Expression model of single-copy genes in the secondary metabolite pathway

After performing KEGG analysis, a significantly enriched pathway, the secondary metabolite pathway, was selected for detecting a gene expression model among the 10 Chaenomeles germplasms. Genes in key steps of the secondary metabolite pathway were obtained according to web-version map01110. The pathway was depicted by Adobe Illustrator CS5 software71, and heatmaps were visualized by TBtools 0.666972.

Identification, SSR screening, polymorphism study of SSR loci and reconstruction of phylogenetic tree among 10 Chaenomeles germplasms

We identified SSR motifs in all unigenes using MISA software73. Based on tandem repeats, including AAC, ACA, CAA, GTT, TGT and TTG, all these SSR motifs were divided into di-, tri-, tetra-, penta- and hexanucleotide types. PCR primers were designed for the SSRs using the program Primer3; they were designed to have more than 150 bp flanking sequences74. All of the primers used for SSR development are shown in Supplementary Table S12.

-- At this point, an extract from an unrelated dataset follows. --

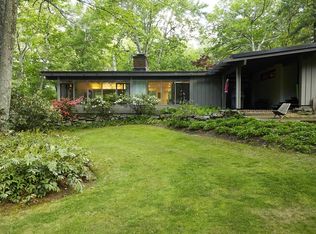 98 Nut Meadow Xing, Concord, MA 01742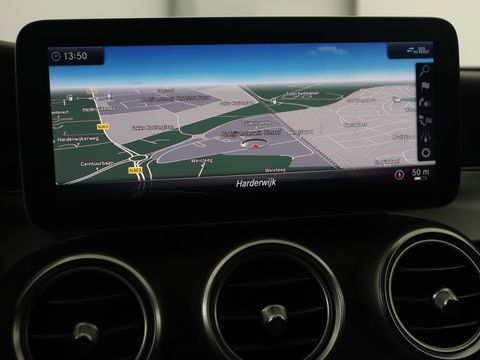 Mercedes-Benz C-Klasse 200 Business Solution AMG | Leder | Carplay | Navigatie | Stoelverwarming | Camera | Adaptive cruise | Full LED | LMV 18 inch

DNA was extracted from the leaves of the 11 germplasms as described in Bartish et al.75. Fluorescently labelled primers were synthesized for amplifying gene fragments based on the following rules: the primer should have 2, 3, 4, or 5 tandem repeat units; the length of the PCR products should range from 150 to 300 bp; the position of genes should not focus on one site; the polymorphic sites should be chosen first; different combinations of tandem repeat units should be chosen on average; the repeat base in primer should be less than four; the length of the primers should be approximately 20–23 bp; the Tm value of the primers should be ~ 60 ℃; the number of consecutive As or Ts at the 5′ or 3′ region of the primer should be less than two; and repeat sequences within primer should be forbidden. The PCR products were detected by capillary electrophoresis.

Polymorphism indexes for the SSR loci, such as the number of alleles, observed heterozygosity, expected heterozygosity and polymorphism information content, were calculated by Cervus 3.0.776. We used neighbor-joining methods in NTSYS (V2.10e)77 software to rebuild a phylogenetic tree.

Ethics approval and consent to participate

The 11 plant materials in this paper were collected with the permission of the local authorities. The research on plants and collection of plant material complied with institutional, national or international guidelines. We also complied with the IUCN Policy Statement on Research Involving Species at Risk of Extinction and the Convention on the Trade in Endangered Species of Wild Fauna and Flora.